So, I didn't end up writing any smut. My desire for smut went to war with my desire for realistic character development, and character development won. If this disappoints you, never fear, I'm writing another Clintasha fic right now that is insanely smutty. Until then, enjoy the conclusion to my story.


"What?"

"That wasn't Ivan Koslov. He was just a random civilian."

Clint stared at Natasha, thinking hard. He wanted to think she was lying now. That she'd decided after the fact to use this for—something. If she was telling the truth… he didn't want to think about what he'd done.

Finally, he pulled his phone out. It would take too long to go find Coulson, even though the building wasn't that big. They needed this settled now.

"Agent Coulson."

"Coulson. The man I shot tonight, what was his name?"

"Um…" There was a pause while he shuffled papers. "I was going to ask you about that tomorrow at your debriefing. We aren't sure."

"It wasn't Ivan Koslov?"

"Koslov? Definitely not. We keep close tabs on him; we'd have known. You killed someone you didn't know? That's not like you, Barton."

Clint closed the phone hard, clenched it in his fist. Natasha didn't even have the decency to look contrite.

"What. the fuck."

"You needed a reason not to trust me. Now you have one."

"You manipulated me—"

"You made it easy."

"Made me kill an innocent man to… what? Prove a point?"

"To teach you a lesson. I'm trying to keep you alive; I don't give a damn what you think of me."

"And that man? You don't care at all that that man is dead because of you?"

"Lots of men are dead because of me. He was collateral damage."

Clint took a few deep breaths. He was furious, but he still didn't want to get into an actual physical fight with her.

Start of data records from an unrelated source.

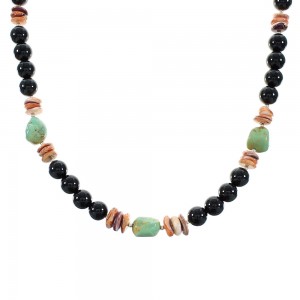 Multicolor Navajo Silver Bead Necklace AX99951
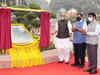 Rajnath Singh inaugurates model of anti-satellite missile system at DRDO HQ in Delhi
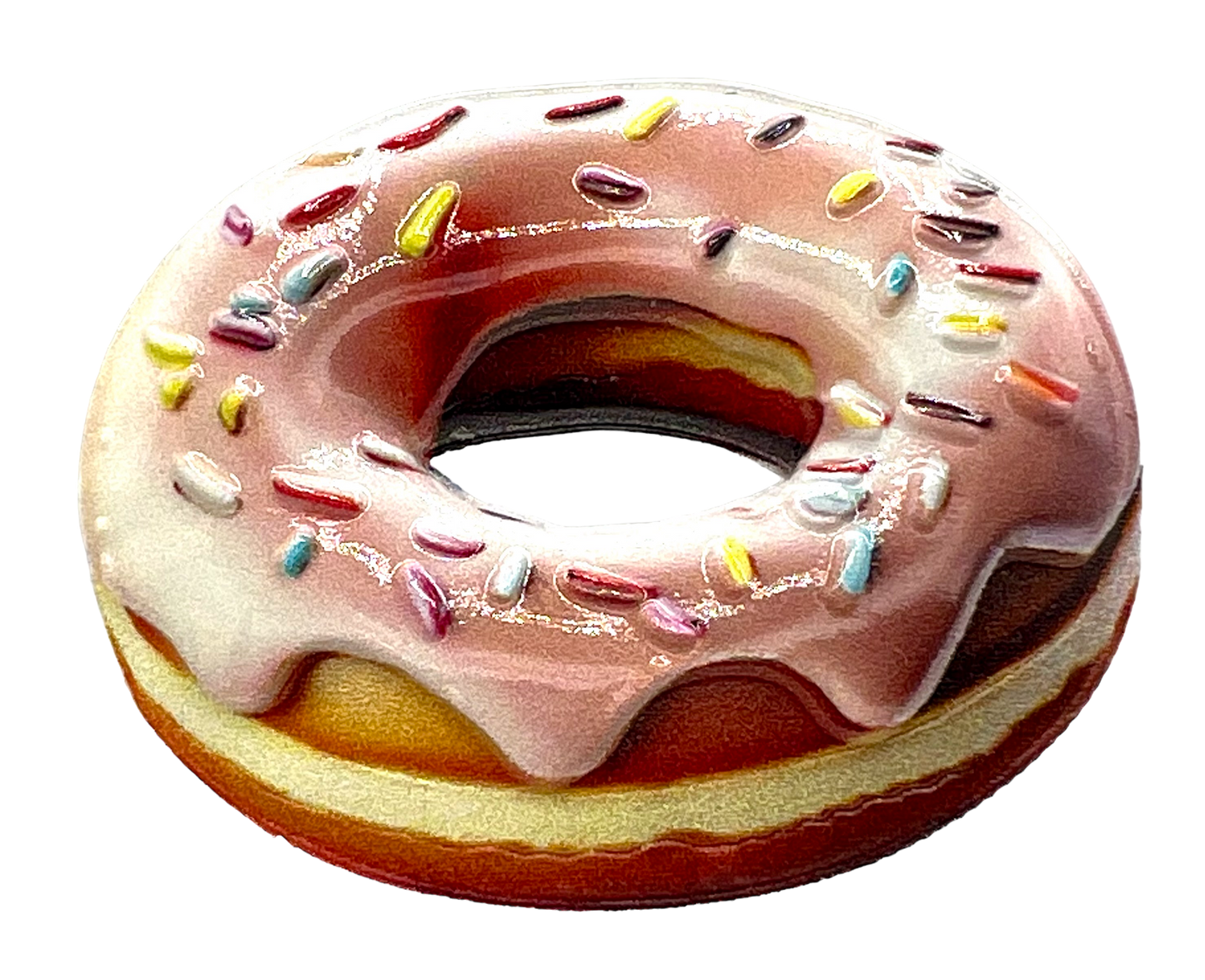 2024 Cameroon Pink Frosted Donut Shaped 1 oz Silver - CoinsTV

"Get out. Get out of this facility. If I ever see you again, I'm going to kill you myself."

"Is there a reason you aren't killing me now?" Her stance was defensive; she was really expecting him to attack her. When Clint noticed her body language, he was shocked by the realization that he was actually ready to kill her, and yet he still wanted to shove her against a wall and fuck her until she screamed. That wasn't particularly healthy.

"Out."

"Sentiment," Natasha sneered. "Almost as big a weakness as trust. You're not incompetent, Barton, but unless you get over these childish notions—"

"I'll what? Retain some semblance of humanity? Unlike you? You're a monster. I thought there was something in there other than a weapon, but clearly I was wrong. Get the fuck out of my sight."

For a minute it looked like she was going to say something else. But then she wordlessly slipped out of his room. The sound of the door closing had an air of finality. This was the way she'd wanted it to begin with.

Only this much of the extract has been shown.